PROVIDED RECORDS:
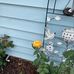 Leslie Anderson - Facebook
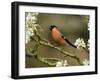 Male Bullfinch Feeding Amongst Blossom, Buckinghamshire, England-Andy Sands-Framed Photographic Print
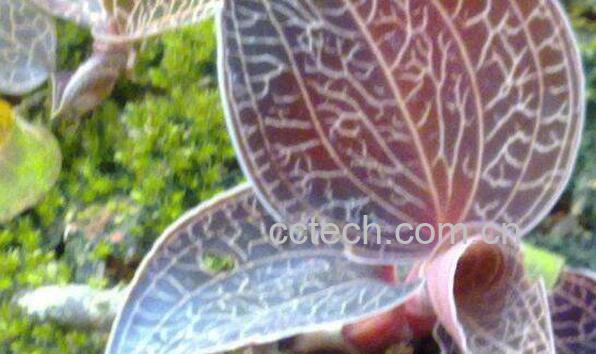 金线莲如何食用方法 金线莲吃了有什么作用-1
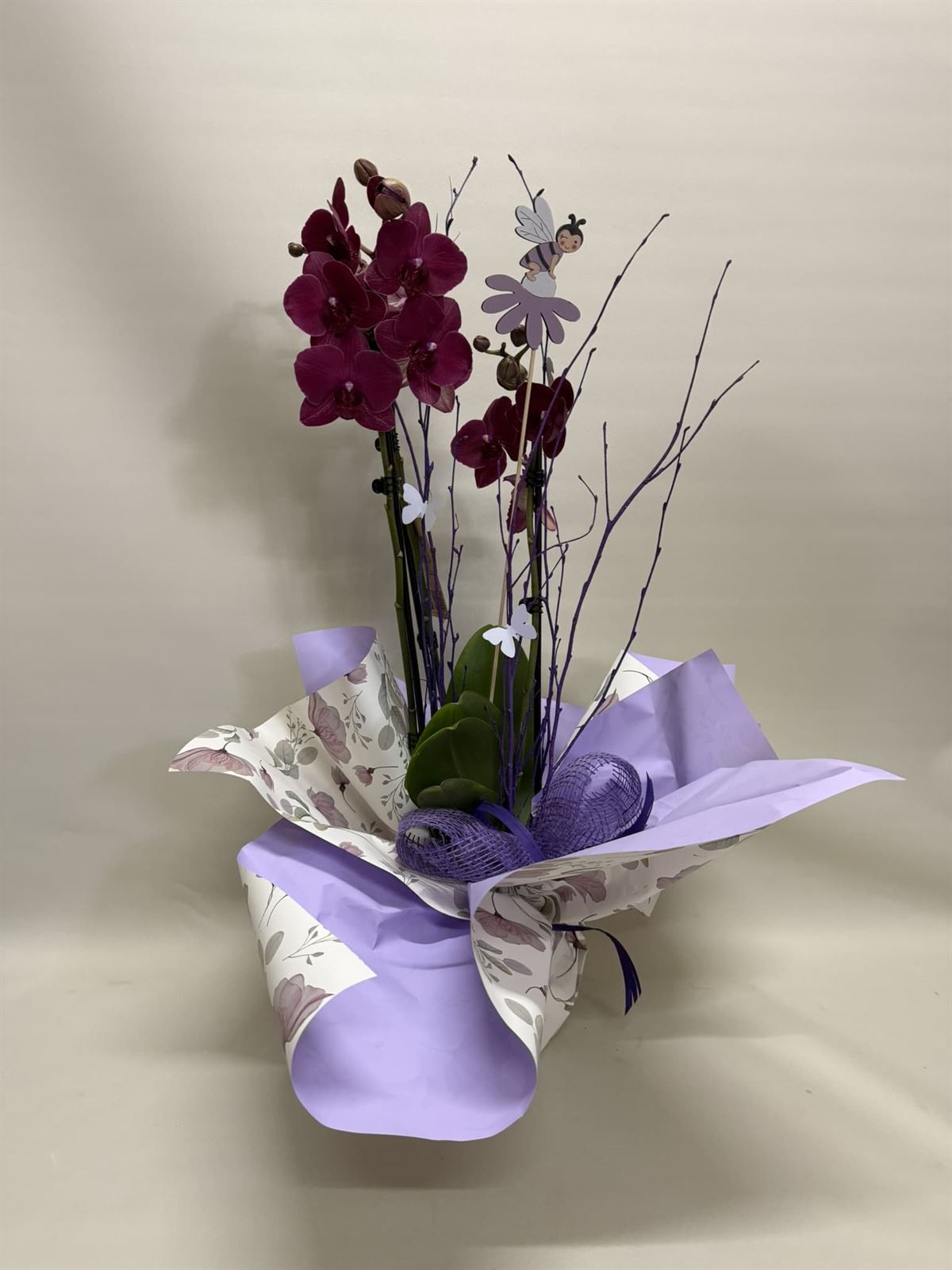 Orquídea fucsia - Imagen 1
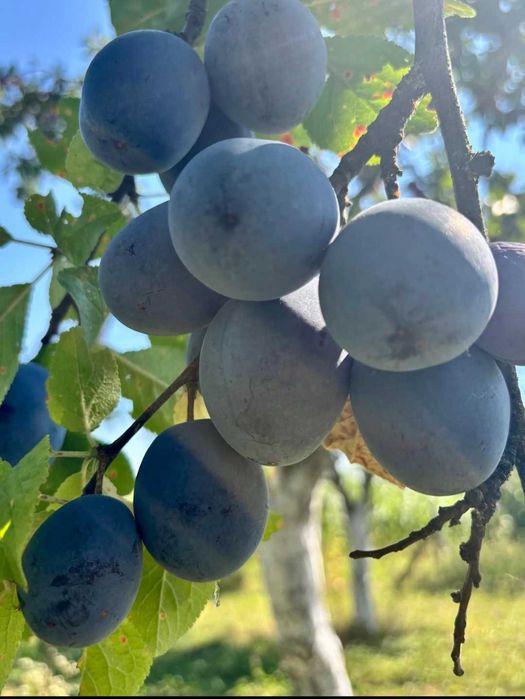 Vand prune de tuica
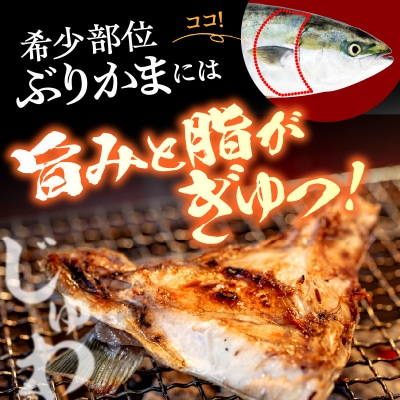 えりも【マルデン特製】北海道産 天然 ぶり カマ(約1kg)【er002-115】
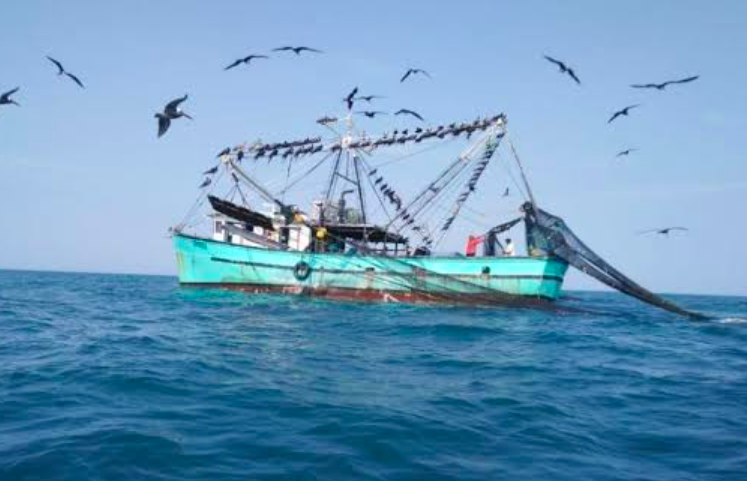El proyecto REDUSE-II recupera 18 toneladas de redes de pesca para, redes  de pesca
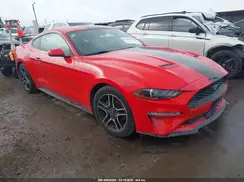 1FA6P8TH1K5119581 2019 FORD MUSTANG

PROBLEM REQUIREMENTS: Reproduce the listing above exactly, without a single picture.

TASK ANSWER:
 Leslie Anderson - Facebook
 Male Bullfinch Feeding Amongst Blossom, Buckinghamshire, England-Andy Sands-Framed Photographic Print
 金线莲如何食用方法 金线莲吃了有什么作用-1
 Orquídea fucsia - Imagen 1
 Vand prune de tuica
 えりも【マルデン特製】北海道産 天然 ぶり カマ(約1kg)【er002-115】
El proyecto REDUSE-II recupera 18 toneladas de redes de pesca para, redes  de pesca
 1FA6P8TH1K5119581 2019 FORD MUSTANG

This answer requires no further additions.